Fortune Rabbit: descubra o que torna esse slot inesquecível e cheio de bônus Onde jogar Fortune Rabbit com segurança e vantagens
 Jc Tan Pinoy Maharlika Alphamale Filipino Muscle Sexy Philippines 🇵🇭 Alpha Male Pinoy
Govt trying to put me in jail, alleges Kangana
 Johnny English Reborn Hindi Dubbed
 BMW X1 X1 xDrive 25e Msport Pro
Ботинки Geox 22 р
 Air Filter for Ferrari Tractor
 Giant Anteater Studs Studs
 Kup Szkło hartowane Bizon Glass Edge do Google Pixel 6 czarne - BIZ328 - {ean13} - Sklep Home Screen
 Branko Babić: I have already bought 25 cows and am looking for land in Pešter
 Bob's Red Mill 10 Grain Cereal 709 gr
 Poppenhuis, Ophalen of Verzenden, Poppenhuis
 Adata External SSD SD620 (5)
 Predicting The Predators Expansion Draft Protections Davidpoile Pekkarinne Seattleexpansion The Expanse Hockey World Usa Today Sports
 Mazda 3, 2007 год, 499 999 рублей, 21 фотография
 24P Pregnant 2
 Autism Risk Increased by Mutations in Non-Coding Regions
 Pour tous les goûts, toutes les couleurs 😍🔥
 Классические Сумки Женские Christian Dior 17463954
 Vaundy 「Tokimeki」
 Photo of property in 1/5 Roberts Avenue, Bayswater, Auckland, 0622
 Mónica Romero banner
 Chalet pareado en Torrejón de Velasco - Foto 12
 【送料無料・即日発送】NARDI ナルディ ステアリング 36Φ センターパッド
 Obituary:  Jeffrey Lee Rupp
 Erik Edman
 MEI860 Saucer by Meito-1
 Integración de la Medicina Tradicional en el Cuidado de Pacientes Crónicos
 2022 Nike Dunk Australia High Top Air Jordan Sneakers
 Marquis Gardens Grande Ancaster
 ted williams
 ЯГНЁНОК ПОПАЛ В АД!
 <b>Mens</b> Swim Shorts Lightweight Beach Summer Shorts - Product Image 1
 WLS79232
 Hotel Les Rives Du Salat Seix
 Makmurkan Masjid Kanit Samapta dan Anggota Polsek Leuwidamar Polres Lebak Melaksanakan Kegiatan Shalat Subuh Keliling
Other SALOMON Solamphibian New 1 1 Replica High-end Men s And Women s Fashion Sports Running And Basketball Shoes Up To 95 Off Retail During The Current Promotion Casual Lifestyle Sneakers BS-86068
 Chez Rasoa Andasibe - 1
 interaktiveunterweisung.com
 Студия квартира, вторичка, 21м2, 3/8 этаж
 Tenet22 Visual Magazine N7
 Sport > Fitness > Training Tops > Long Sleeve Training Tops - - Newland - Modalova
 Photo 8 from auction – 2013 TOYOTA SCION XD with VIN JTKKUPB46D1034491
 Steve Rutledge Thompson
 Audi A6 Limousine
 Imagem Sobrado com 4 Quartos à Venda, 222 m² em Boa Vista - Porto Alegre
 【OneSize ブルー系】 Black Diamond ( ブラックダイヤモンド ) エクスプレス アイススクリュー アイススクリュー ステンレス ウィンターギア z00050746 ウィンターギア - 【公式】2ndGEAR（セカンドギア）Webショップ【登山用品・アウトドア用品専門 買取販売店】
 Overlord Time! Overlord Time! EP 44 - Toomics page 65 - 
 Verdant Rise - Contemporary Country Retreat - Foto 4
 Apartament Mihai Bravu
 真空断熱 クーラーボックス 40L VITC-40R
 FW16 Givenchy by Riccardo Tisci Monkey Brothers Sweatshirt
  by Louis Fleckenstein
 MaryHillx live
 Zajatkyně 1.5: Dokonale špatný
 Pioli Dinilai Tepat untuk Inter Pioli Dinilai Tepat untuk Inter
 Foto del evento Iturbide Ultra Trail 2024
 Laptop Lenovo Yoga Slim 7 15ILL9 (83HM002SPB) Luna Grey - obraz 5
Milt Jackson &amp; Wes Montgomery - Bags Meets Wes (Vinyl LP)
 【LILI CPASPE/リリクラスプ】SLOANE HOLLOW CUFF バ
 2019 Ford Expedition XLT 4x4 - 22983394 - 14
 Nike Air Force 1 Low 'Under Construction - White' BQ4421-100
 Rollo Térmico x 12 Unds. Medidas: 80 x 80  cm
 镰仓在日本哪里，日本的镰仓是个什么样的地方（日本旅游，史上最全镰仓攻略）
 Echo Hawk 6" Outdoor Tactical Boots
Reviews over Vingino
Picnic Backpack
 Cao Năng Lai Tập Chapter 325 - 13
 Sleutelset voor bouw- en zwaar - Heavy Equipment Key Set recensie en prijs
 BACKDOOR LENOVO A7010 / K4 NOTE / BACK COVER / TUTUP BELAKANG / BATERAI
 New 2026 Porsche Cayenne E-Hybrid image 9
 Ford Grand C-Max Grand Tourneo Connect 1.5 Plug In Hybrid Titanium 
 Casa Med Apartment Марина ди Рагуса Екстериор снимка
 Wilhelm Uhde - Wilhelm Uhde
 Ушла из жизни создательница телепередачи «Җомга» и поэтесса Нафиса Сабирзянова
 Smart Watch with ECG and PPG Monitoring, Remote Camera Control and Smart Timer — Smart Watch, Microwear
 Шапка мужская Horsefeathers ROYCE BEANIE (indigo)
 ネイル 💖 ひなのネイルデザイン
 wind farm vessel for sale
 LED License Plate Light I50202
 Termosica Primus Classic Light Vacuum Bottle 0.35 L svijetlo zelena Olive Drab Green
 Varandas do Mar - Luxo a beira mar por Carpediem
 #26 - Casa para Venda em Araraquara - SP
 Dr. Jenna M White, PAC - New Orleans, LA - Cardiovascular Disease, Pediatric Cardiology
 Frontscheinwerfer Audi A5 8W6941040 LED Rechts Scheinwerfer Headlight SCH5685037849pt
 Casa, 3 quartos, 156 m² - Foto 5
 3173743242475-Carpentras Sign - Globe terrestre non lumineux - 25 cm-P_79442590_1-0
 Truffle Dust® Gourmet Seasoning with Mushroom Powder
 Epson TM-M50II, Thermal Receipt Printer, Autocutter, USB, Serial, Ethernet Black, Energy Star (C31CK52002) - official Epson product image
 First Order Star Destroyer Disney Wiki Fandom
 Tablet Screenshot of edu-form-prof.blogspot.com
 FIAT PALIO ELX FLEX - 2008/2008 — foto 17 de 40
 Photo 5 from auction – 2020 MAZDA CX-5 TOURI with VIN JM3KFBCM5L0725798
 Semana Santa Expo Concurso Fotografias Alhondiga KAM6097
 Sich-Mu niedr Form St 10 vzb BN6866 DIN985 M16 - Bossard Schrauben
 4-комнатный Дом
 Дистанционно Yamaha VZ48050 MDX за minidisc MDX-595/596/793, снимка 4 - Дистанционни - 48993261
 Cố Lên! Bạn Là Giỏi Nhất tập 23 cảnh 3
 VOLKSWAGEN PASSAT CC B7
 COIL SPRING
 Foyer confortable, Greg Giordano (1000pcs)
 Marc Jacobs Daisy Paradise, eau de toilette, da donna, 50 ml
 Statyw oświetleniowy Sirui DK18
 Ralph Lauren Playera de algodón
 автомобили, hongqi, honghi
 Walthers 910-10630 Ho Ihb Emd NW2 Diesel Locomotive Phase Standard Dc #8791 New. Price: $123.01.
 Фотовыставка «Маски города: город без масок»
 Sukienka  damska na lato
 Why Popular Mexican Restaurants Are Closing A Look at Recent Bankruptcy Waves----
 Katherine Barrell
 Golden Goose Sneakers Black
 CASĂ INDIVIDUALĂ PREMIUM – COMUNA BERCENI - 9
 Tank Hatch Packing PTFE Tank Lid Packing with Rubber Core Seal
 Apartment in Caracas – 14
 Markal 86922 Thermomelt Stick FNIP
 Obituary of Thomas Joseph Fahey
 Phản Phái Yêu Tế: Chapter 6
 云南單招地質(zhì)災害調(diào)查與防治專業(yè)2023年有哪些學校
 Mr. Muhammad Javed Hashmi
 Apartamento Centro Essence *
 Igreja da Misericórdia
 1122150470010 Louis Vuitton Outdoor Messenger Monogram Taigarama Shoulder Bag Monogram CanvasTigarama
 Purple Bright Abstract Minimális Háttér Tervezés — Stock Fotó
● ● ● ●
ABOUT THIS TASK |
Every line of the records above where the string "Chapter" is found should be copied.

SOLUTION BELOW |
 Cao Năng Lai Tập Chapter 325 - 13
 Phản Phái Yêu Tế: Chapter 6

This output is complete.